WOODBURY, Minn. -- "We're dorky. We understand that we are," said retired Math and Science Academy teacher Darrel Schoeberlein. "So we do something that's out of the box."
That something is one of the most highly-anticipated events of the year at the Woodbury charter school. It's called "The Dork Olympics."
More than 300 students pack the school's gymnasium. Music blares as science teacher Stacy Bartlett takes the microphone. "Let's get ready to rumble!" Screaming kids give way to the action on the floor, namely, the first event - the baby bottle prune juice event.

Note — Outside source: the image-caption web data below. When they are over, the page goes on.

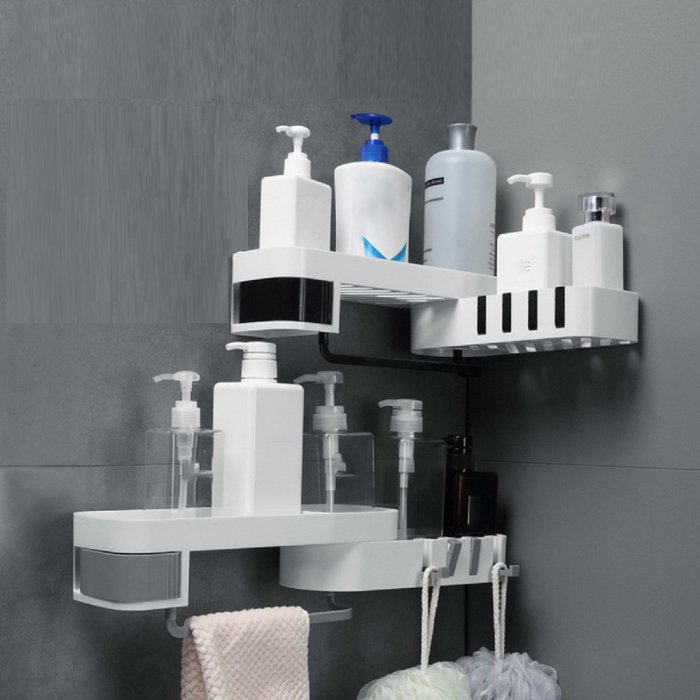 Полки в ванной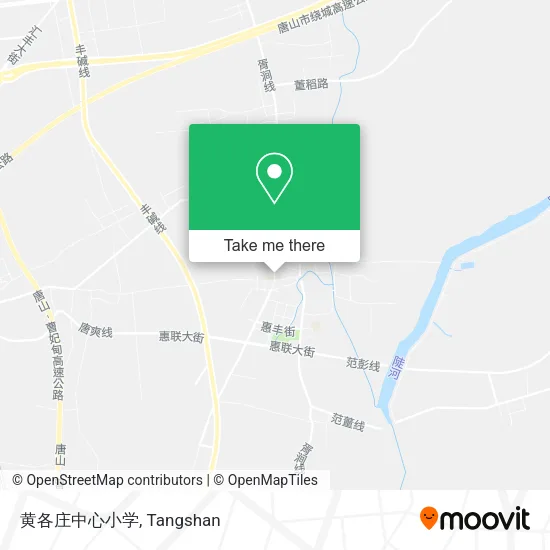 黄各庄中心小学 map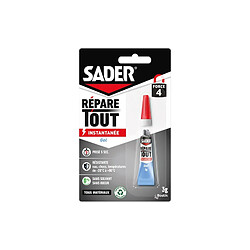 Sader Colle cyanoacrylate gel - Transparent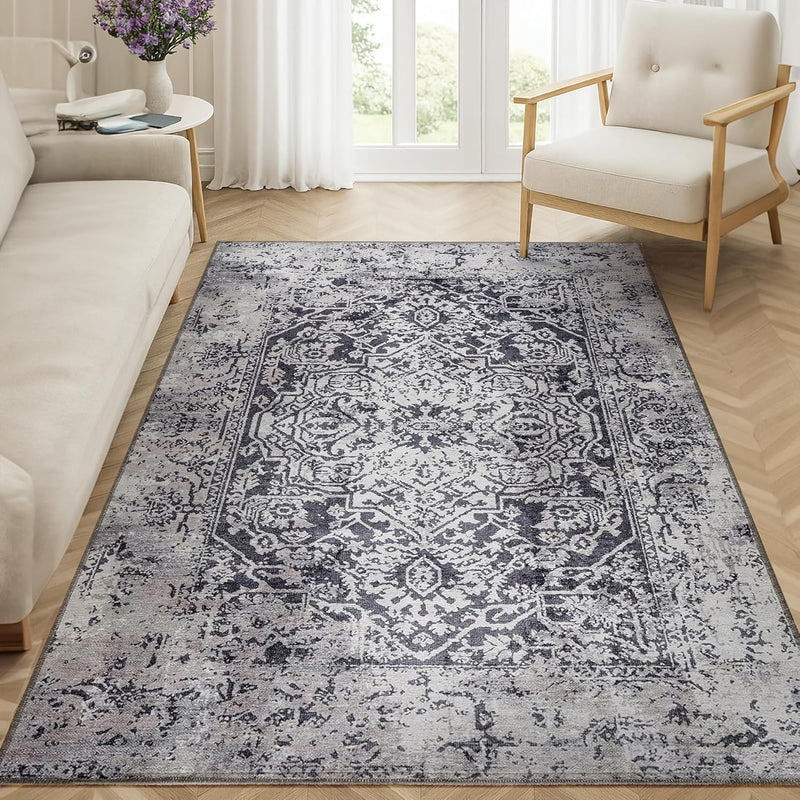 Washable Area Rug for Living Room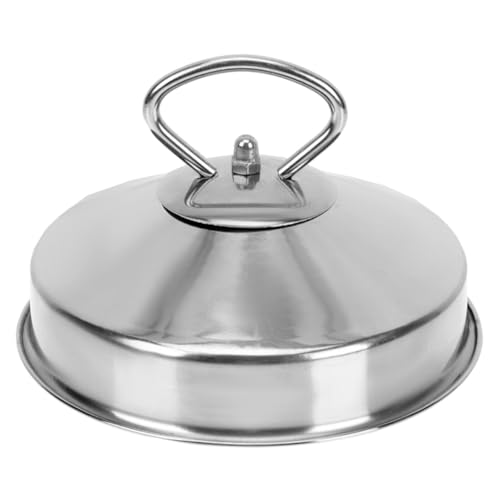 TOYANDONA Edelstahl Dampfgarer Deckel Leichter Professioneller Steamer Einsatz Hitzebeständiger Dampfgarer Abdeckung für Gleichmäßiges Garen Schmelzen von Käse Vielseitig für Haushalt und von TOYANDONA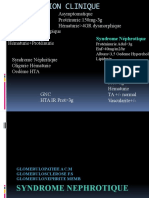 Syndrome Néphrotique: Proténinurie Adul 3g Enf 40mg/m2/hr Album 3,5 Oedeme Hyperchol Lipidurie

Representatives from grades 6 through 12 line-up, then furiously try to down a baby bottle filled with prune juice.
Every event here is wacky and infused with fun. Not what you might expect from a school that requires students to take calculus before they can graduate.
"They work really hard all year long, and this is a chance for them to cut loose," said Bartlett.
And students do, as they race in garbage cans, fish bubble gum out of bowls filled with powdered sugar, try to put on a t-shirt frozen into a block, and other events that elicit cheers from the crowd. Bartlett describes it as the school's de facto homecoming.
"We're a small school. We're never going to have a football team. We're a bunch of nerds," explained Bartlett.
Students don't just embrace that idea, they celebrate it. "Everyone gets so hyped up about it," said 9th grader Hannah Ulrich. "They didn't tell us to wear nerdy apparel, we just did 'cause we felt like it."
"I think this is the greatest school because it is so accepting," said Schoeberlein. "No matter who you are, doesn't matter what religion you are, if you've got some quirks, if you're a little bit different, you're accepted here."